Lets take a look at the first challenge – “The rarest book is missing!”
One thing I’ve learned solving these cases is to carefully read the challenge description. A few clues that sticks out:
- Rarest book is missing – De Revolutionibus Magnis Data
- Published the year of – 1613
- The author is – Gustav Kustov
- RFID tags are useless as the one attached to our book is missing
- Weight of books and shelves are recorded
Objective – find the self the book is located on
Let us start by looking at the missing book itself. By running this query we’re able to get results about the book
Books | where book_title == "De Revolutionibus Magnis Data"

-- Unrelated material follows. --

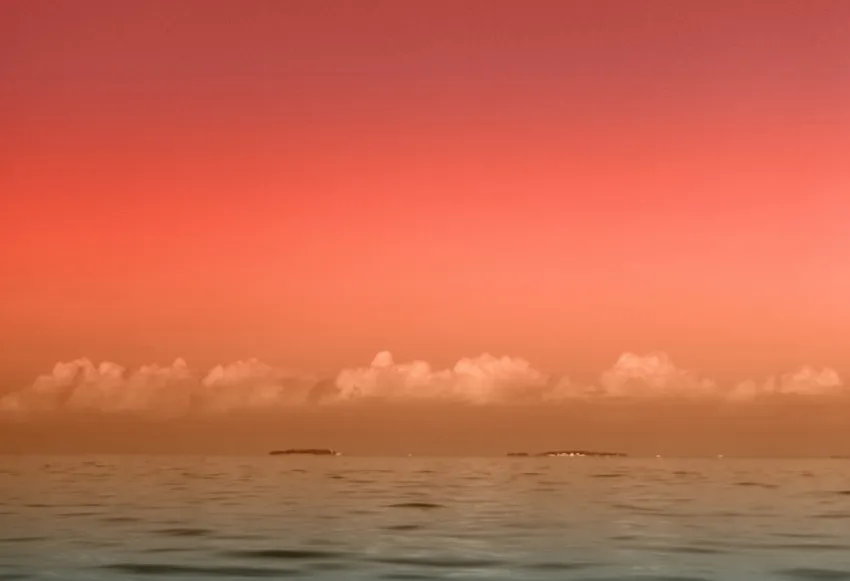 Explore the mesmerizing life stages of sea turtles in images.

The query outputs the book we need with some attributes; rf_id, book_title, publish_date, author, language, number_of_pages and weight_gram. If you notice we have the exact weight of the book in grams, this may become useful.

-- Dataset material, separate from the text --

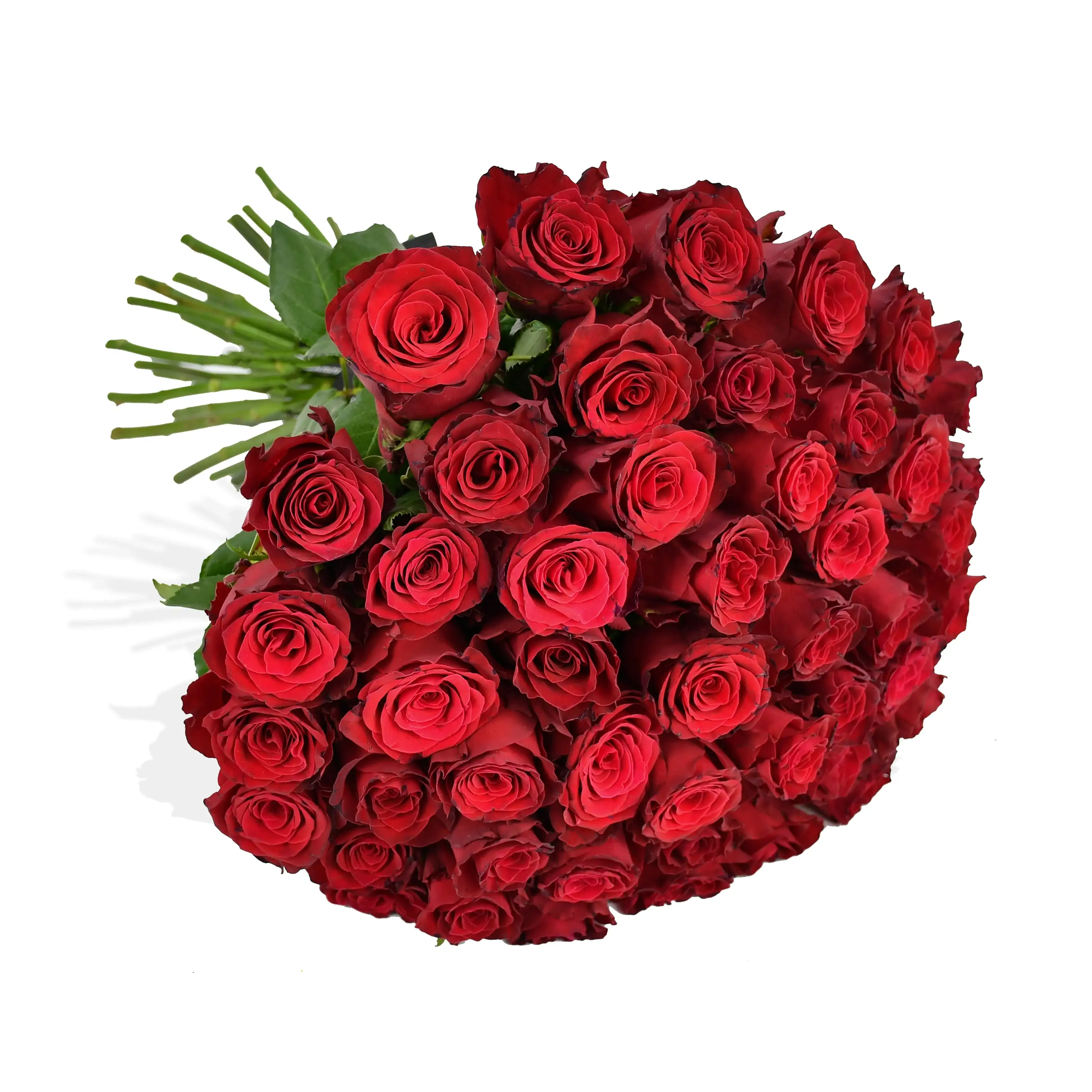 Red Red Rose Roses Flowers & Plants Co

As we’re trying to locate which shelf the book is placed on, we need to take a look at what the shelves data looks like. To get insights into what kind of information a shelf has, run the following query
Shelves | top 100 by shelf
We’re seeing a unique shelf number, rf_ids of the books located on the shelf and total weight of the shelf with books. My first thought after running these queries was to try locate the book based on rf_id. Can it be that easy?
Shelves | mv-expand rf_id = rf_ids to typeof(string) | lookup Books on rf_id | where rf_id == "0cbc13e0aa7d487e8e797d3de3823161"

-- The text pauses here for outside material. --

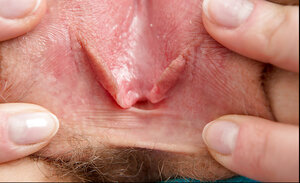 Hot sportswoman undresses and plus does the plank exercise and plus split upside down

Unfortunately not. Remember, the book is located on one of the shelves, but are missing the rf_id tag. So we’re unable to locate the self the book is located on by rf_id. So lets investigate the weight aspect. We have the total weight of each book as well as each self. Lets construct a query together –
We need to query the table Shelves. Our shelves rf_ids can consist of more than one book, so we need to convert it to a string. We then need to look up the book based on rf_id in order to sum the actual weight of the book in our shelves. Calculate the difference of shelves weight and aggrigated book weight. Finally filter on which shelf that has approximately our missing weight. My query is constructed as follows:
Shelves | mv-expand rf_id = rf_ids to typeof(string) | lookup Books on rf_id | summarize sum(weight_gram) by shelf, total_weight | project shelf, sum_weight_gram, margin = sum_weight_gram - total_weight | where margin < - 1000
This gives us the correct result! But why is that so? Let us deconstruct it!
Shelves – the table we’re querying
mv-expand – expanding the multi-value array into single records of type string
loopup – finds books based on the rf_ids in each shelf
summarize – produces a table that aggregates total weight by shelf as well as summarises actual total weight of the shelf measured by each book on the shelf
project – project and calculates columns. Projects shelf, actual weight of shelf and the margin between theoretical weight and actual weight.
where – spits out all records where the margin is less than – 1000 grams.
Our result consists of one shelf; 4242 where the margin is -1798 grams. This is the shelf the book is located! Congratulations, we’ve solved the challenge!